Follow the data: How astronomers use and reuse data

Authors


Abstract

We analyze the people and infrastructure involved in the building, sustaining, and curation of large astronomy sky surveys. Our research assesses what new infrastructures, divisions of labor, knowledge, and expertise are necessary for the proper care of data. Between May 2011- February 2012, we conducted fourteen interviews employing Sloan Digital Sky Survey (SDSS) data use as the focus. SDSS is a multi-faceted, multi-phased data-driven telescope project with hundreds of collaborators and thousands of users of the open data. The Follow the Data interview protocol identifies a single publication authored by each interviewee and uses it as a lens looking backward and forward to identify data uses leading into and out of the publication.

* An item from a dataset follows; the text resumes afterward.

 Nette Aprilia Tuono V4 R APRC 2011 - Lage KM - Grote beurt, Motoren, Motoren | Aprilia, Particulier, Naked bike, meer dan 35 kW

The interviews revealed the ways these astronomers discover, locate, retrieve, and store external data for their research. Any given astronomy research project may employ multiple methods to discover, locate, retrieve, and store multiple datasets. Our research finds that informal and formal methods are used to discover and locate data, including person-to-person contact. Data retrieval and storage methods are often determined by the size of the dataset and the amount of infrastructure available to the researcher. Astronomy research practices are evolving rapidly with access to more data and better tools. The poster presentation will report further on how those data are used and reused in astronomy.

INTRODUCTION

Since 2009 the Knowledge Infrastructures team at UCLA has studied the data practices of astronomers using semi-structured interviews and participant observation fieldwork. Astronomers draw ever more heavily on repositories of astronomical observations. These resources may supplement or supplant direct observation from telescopes (Wynholds, Wallis, Borgman, Sands, & Traweek, 2012). We analyze the people and infrastructure involved in the building, sustaining, and curation of large sky surveys; these generate massive amounts of data that serve multiple scientific purposes (Fearon, Borgman, Traweek, & Wynholds, 2010).

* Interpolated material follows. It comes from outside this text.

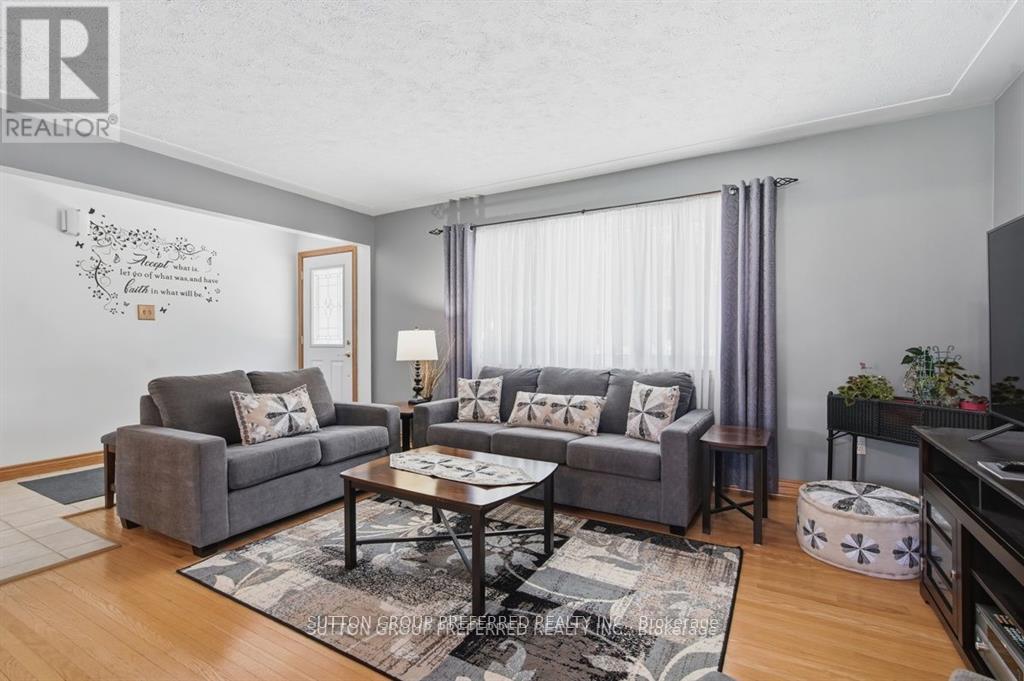 27 STORMONT DRIVE - 11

Our research assesses what new infrastructures, divisions of labor, knowledge, and expertise are necessary for the proper care of data. How do data management, curation, sharing, and re-use practices vary among research areas? Who uses what data when, with whom, and why? These analyses will influence decisions about scientific practice and infrastructure by researchers, curators, funders, and policy makers.

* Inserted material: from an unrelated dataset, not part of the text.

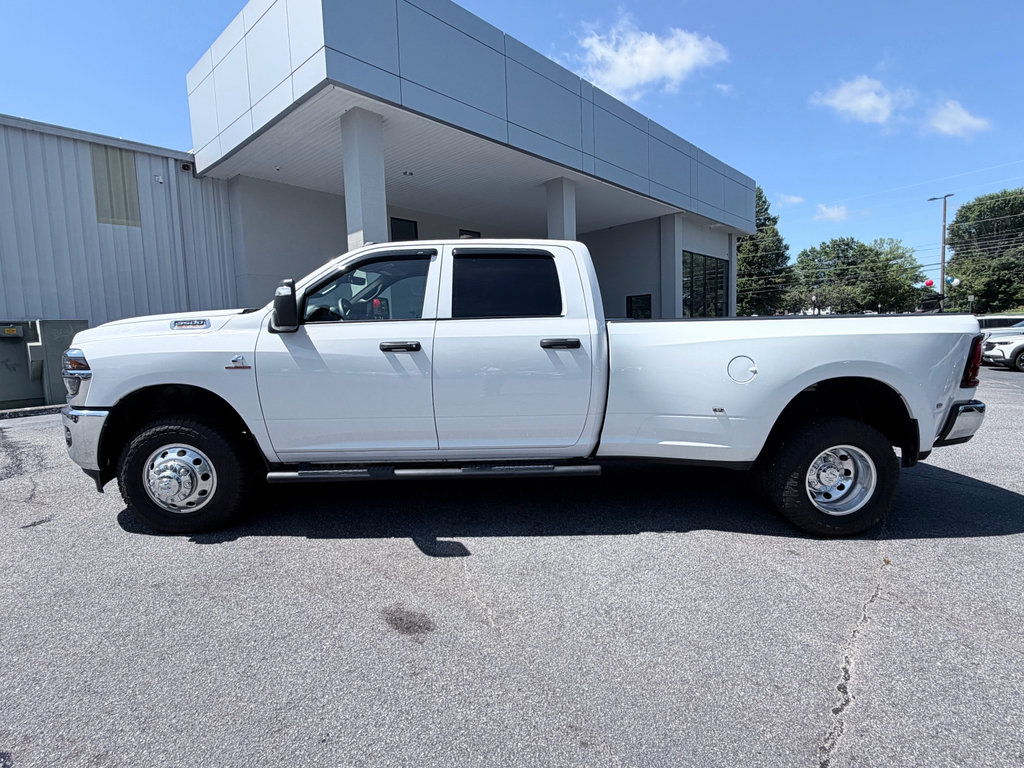 Used 2025 RAM 3500 Tradesman AWD/4WD image 5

We report here on interviews with astronomers about their use of the Sloan Digital Sky Survey (SDSS) (“Sloan Digital Sky Survey”). SDSS is a multi-faceted, multi-phased, data-driven telescope project with around 400 participants involved in the SDSS-I and SDSS-II data collection activities. The number of users who access the data is much larger: the data service (SkyServer) has over 2500 registered users and has logged hundreds of millions of anonymous queries; in May 2012 the SDSS database had 15,194,389 hits (“SDSS SkyServer Web Site Traffic”). Since it began taking data in 1998, SDSS has been a pioneer in open data projects. Following a short proprietary period, SDSS provides public data releases. They were the first to ensure prompt public release of data; many other collaborative telescope projects now emulate the SDSS data practices. The nature of SDSS data access, use, and curation are important focus points for understanding future big science projects.

METHODS

Our study population includes astronomers (students, post-docs, research scientists, and faculty) working with SDSS data. Interviewees represent a range of career stages, and include both builders and users of the SDSS. Interviewees were identified through bibliographic searches of papers citing SDSS. This corpus includes 14 interviews of 13 individuals, conducted between May 2011 and February 2012, in total about 19 interview hours. Interviews lasted from 50 minutes to 2 hours each. Interviews were audio-recorded, transcribed, and uploaded into the data analysis software NVivo 9. The UCLA team members coded each interview. Inter-coder reliability tests ensured consistent coding practices between team members.

The Follow the Data interview protocol proved an effective way to identify data sources, types of data, and uses of data. The protocol identifies a single publication authored by each interviewee and uses it as a lens, looking backward and forward, to identify data uses leading into and out of the publication. Prior to the interview session, the interviewer performs a close reading of the text and identifies authors, data sources, links to data, and other relevant aspects to discuss during the interview. This background research enables a rich interview, addressing questions identified during the close reading of the text.

PRELIMINARY RESULTS

The interviews revealed how these astronomers discover, locate, retrieve, and store external data for their research. We report preliminary results here. Full results will be available by the time of the conference.

Discover and Locate

Researchers first must discover the existence of relevant resources and then locate those resources. Any given research project may draw upon multiple datasets. These datasets can include catalogs, source lists, data releases, value-added catalogs, cross-match catalogs, simulation outputs, data papers, technical papers, and data collected by the authors. These resources can be discovered via searching data release papers and the open literature, by communication with colleagues, and other means. Researchers seek not only traditional datasets. They also search for existing algorithms, codes, queries, and other tools.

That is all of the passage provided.